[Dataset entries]
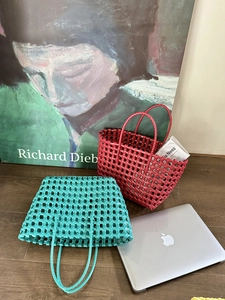 Dettaglio di borse intrecciate rosse e verde acqua con manici robusti e motivo a griglia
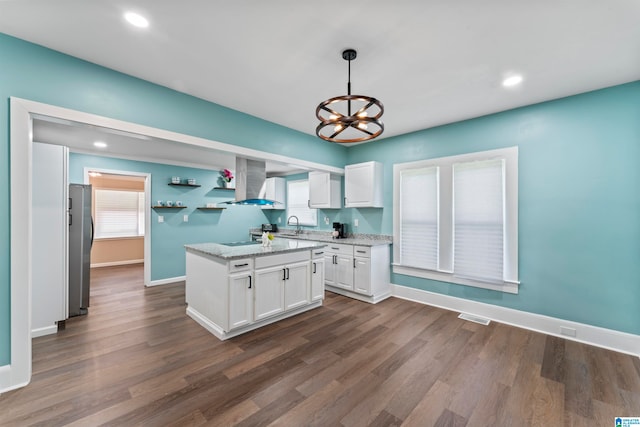 kitchen featuring hanging light fixtures, white cabinetry, wall chimney exhaust hood, stainless steel refrigerator, and dark hardwood / wood-style floors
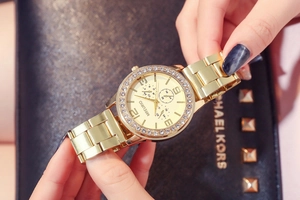 Macro detail of gold dial with rhinestones and decorative sub-dials on a metal watch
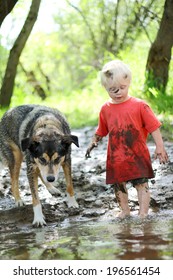 A Young Boy Child And His German Shepherd Mix Dog Are Covered In Mud And Playing Outside On The Beach Of A River In The Woods.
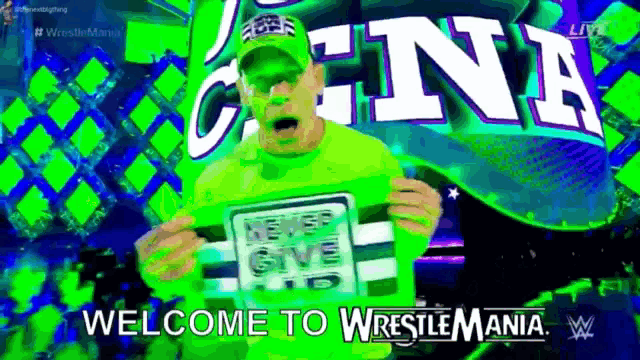 a wrestler is holding a sign that says never give up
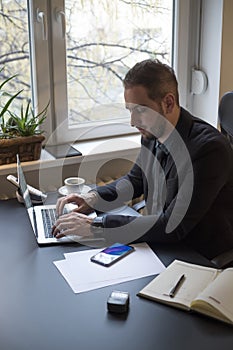 businessman working on laptop in office taking notes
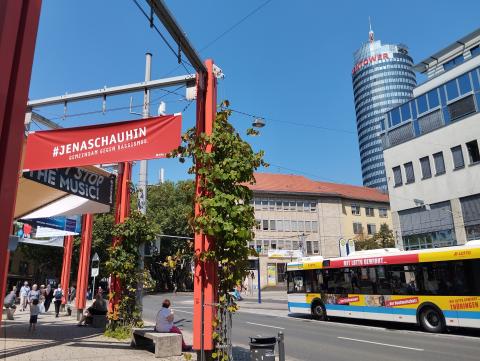 Banner am Holzmarkt mit dem Signet der Kampagne #JenaSchauHin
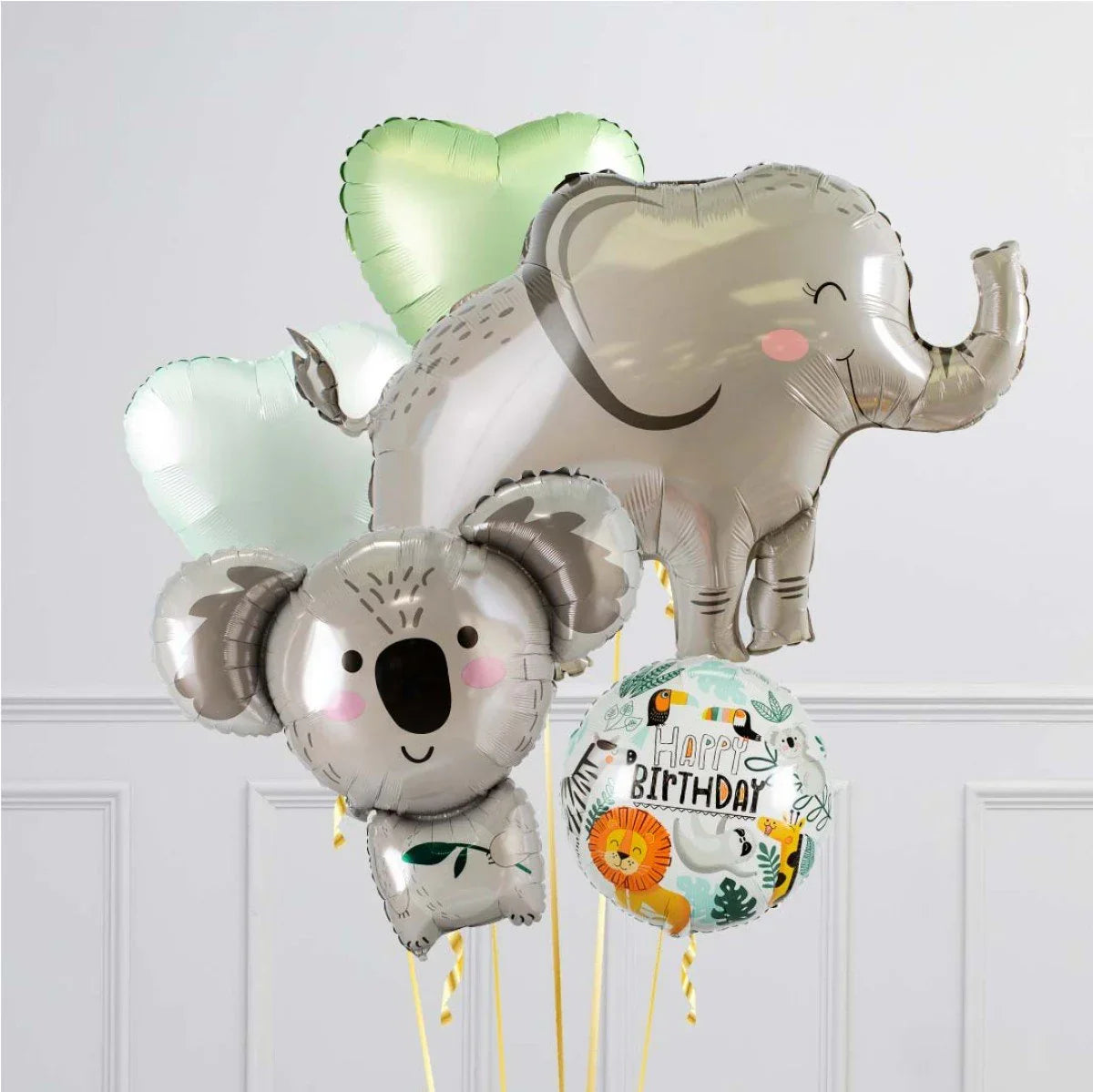 Happy birthday balloon bouquet featuring koala, elephant, heart-shaped, and animal print balloons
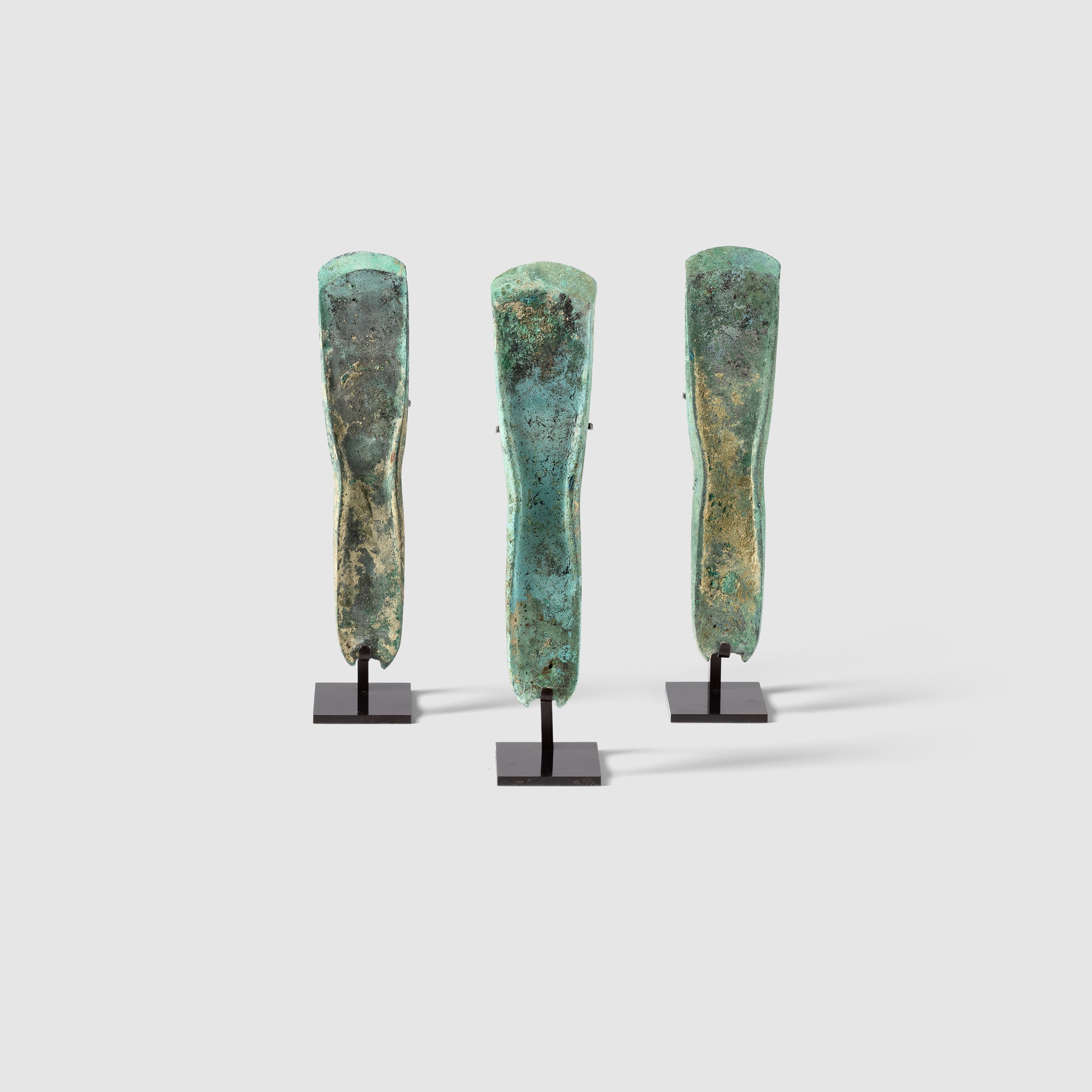 THREE BRONZE AGE AXES EUROPE, MIDDLE BRONZE AGE, C. 1400 B.C.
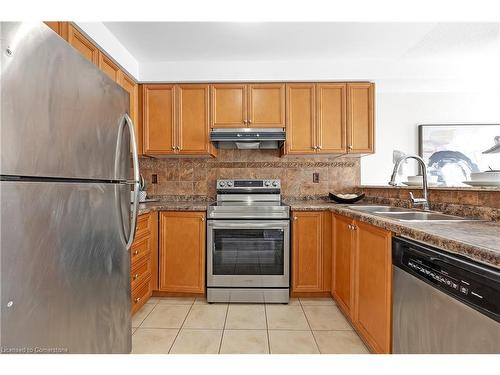 12-151 Green Road, Stoney Creek, ON - Indoor Photo Showing Kitchen With Double Sink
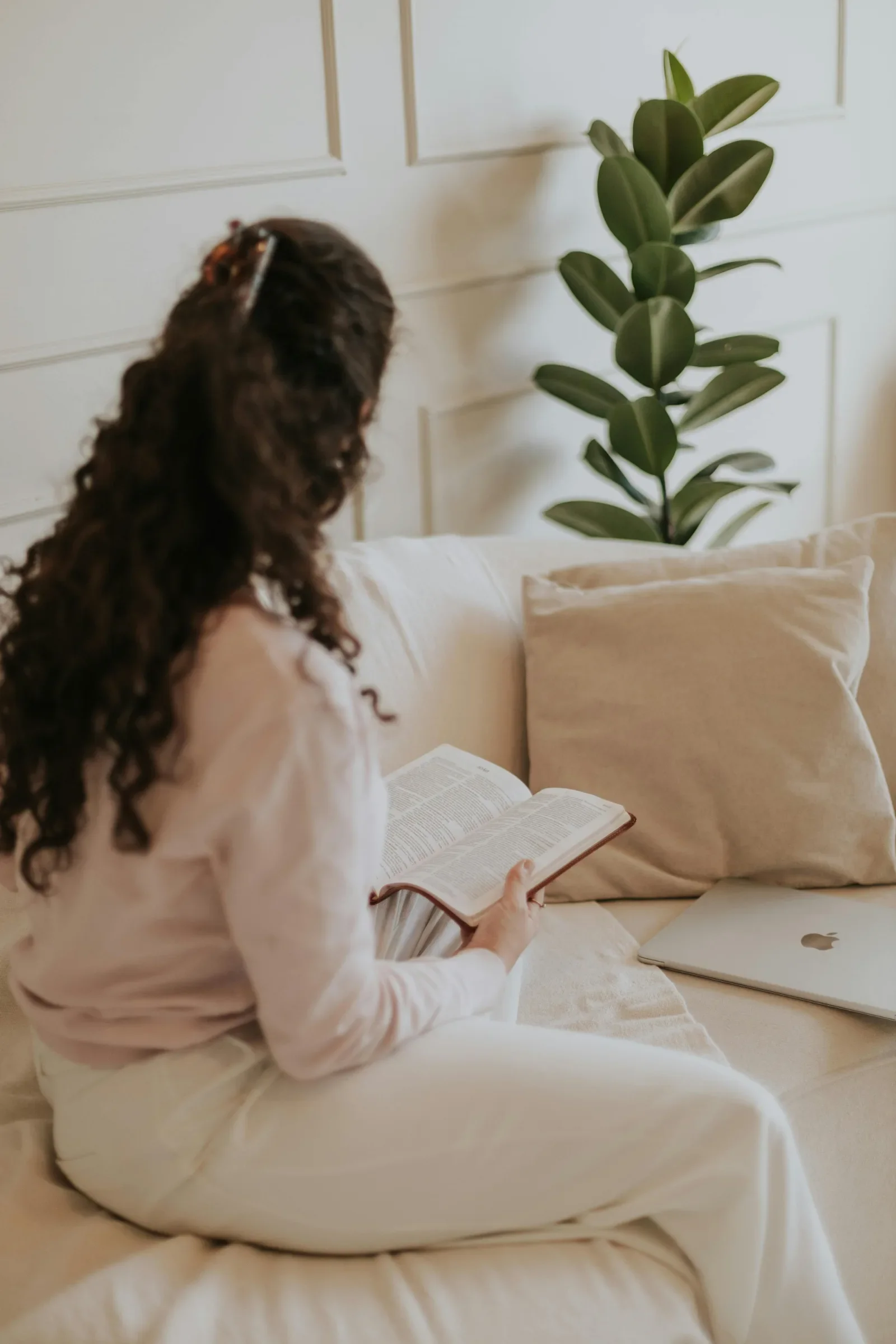 Woman journaling on her couch as part of healing from childhood emotional neglect and immature family dynamics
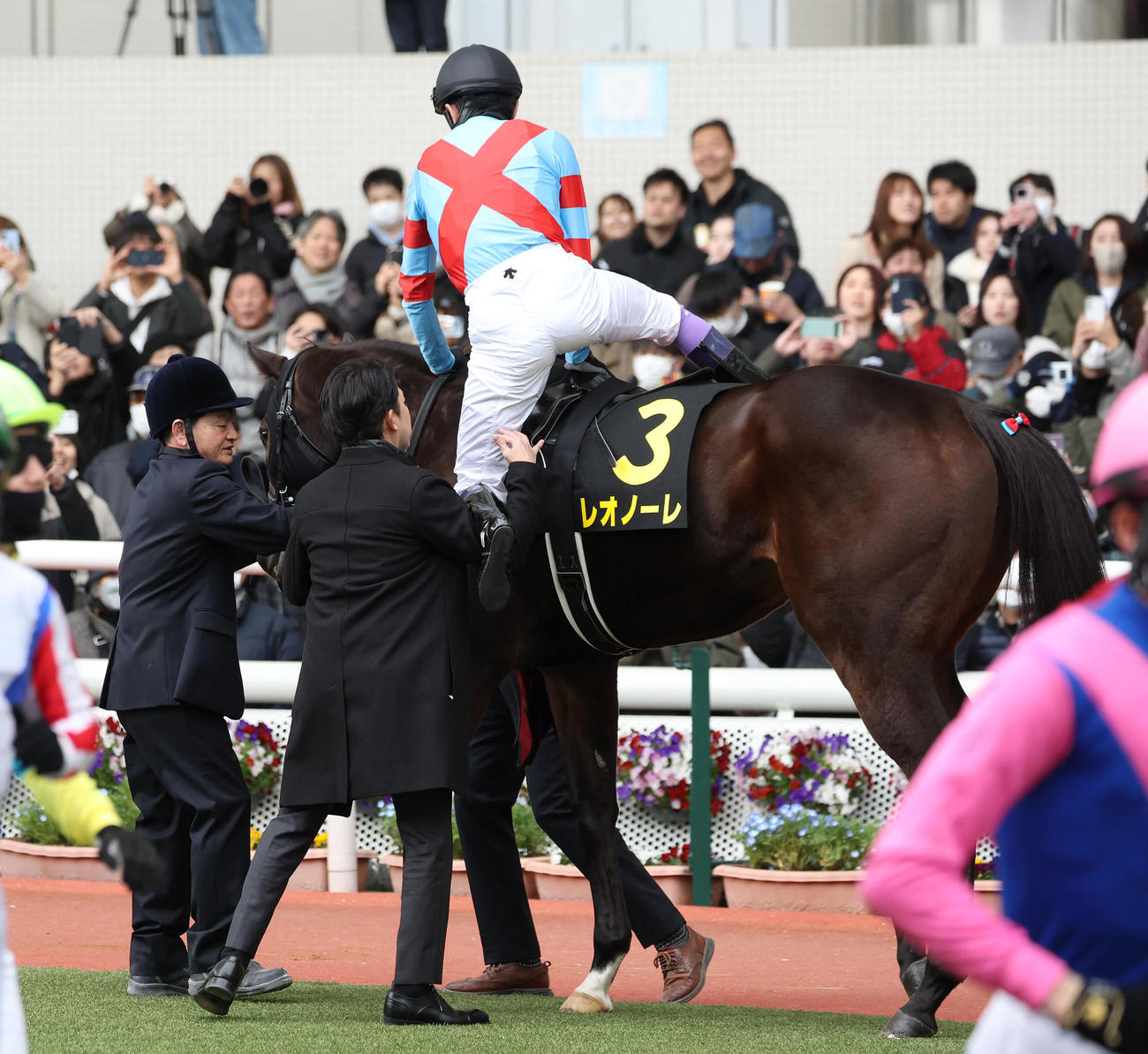 阪神11R、レオノーレに騎乗する武豊騎手の足を上げる福永師（中央）（撮影・白石智彦）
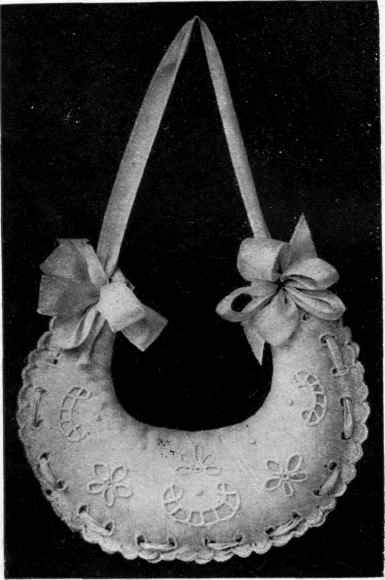 A CRESCENT SHAPED PINCUSHION.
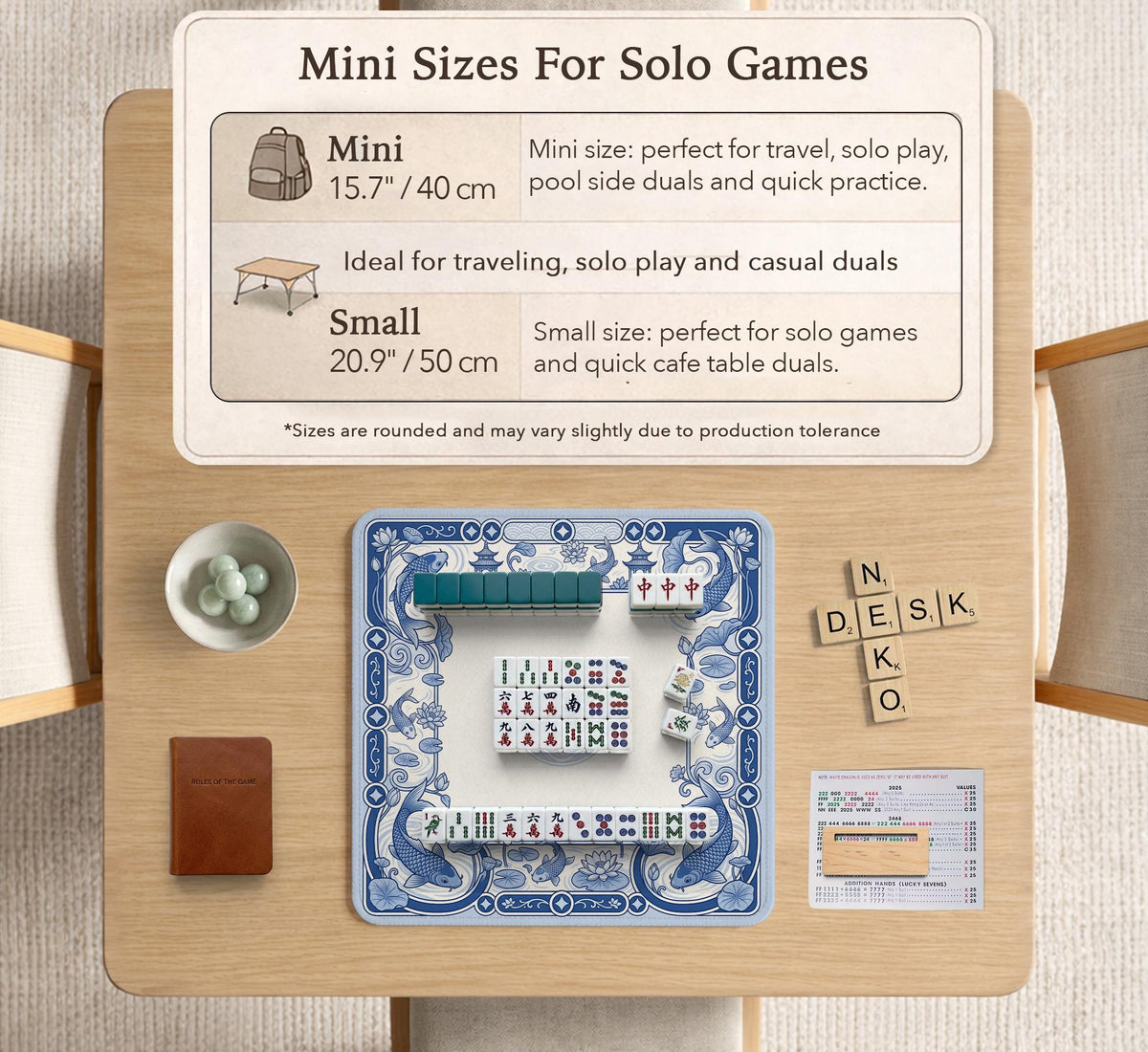 Navy blue square mahjong table mat with lotus flowers and koi fish in a porcelain-style border and a plain center.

# Assignment:
The reply must match the records exactly, apart from the pictures, which are left out.

# Solved exercise:
 Dettaglio di borse intrecciate rosse e verde acqua con manici robusti e motivo a griglia
 kitchen featuring hanging light fixtures, white cabinetry, wall chimney exhaust hood, stainless steel refrigerator, and dark hardwood / wood-style floors
 Macro detail of gold dial with rhinestones and decorative sub-dials on a metal watch
 A Young Boy Child And His German Shepherd Mix Dog Are Covered In Mud And Playing Outside On The Beach Of A River In The Woods.
 a wrestler is holding a sign that says never give up
 businessman working on laptop in office taking notes
 Banner am Holzmarkt mit dem Signet der Kampagne #JenaSchauHin
 Happy birthday balloon bouquet featuring koala, elephant, heart-shaped, and animal print balloons
 THREE BRONZE AGE AXES EUROPE, MIDDLE BRONZE AGE, C. 1400 B.C.
 12-151 Green Road, Stoney Creek, ON - Indoor Photo Showing Kitchen With Double Sink
 Woman journaling on her couch as part of healing from childhood emotional neglect and immature family dynamics
 阪神11R、レオノーレに騎乗する武豊騎手の足を上げる福永師（中央）（撮影・白石智彦）
 A CRESCENT SHAPED PINCUSHION.
 Navy blue square mahjong table mat with lotus flowers and koi fish in a porcelain-style border and a plain center.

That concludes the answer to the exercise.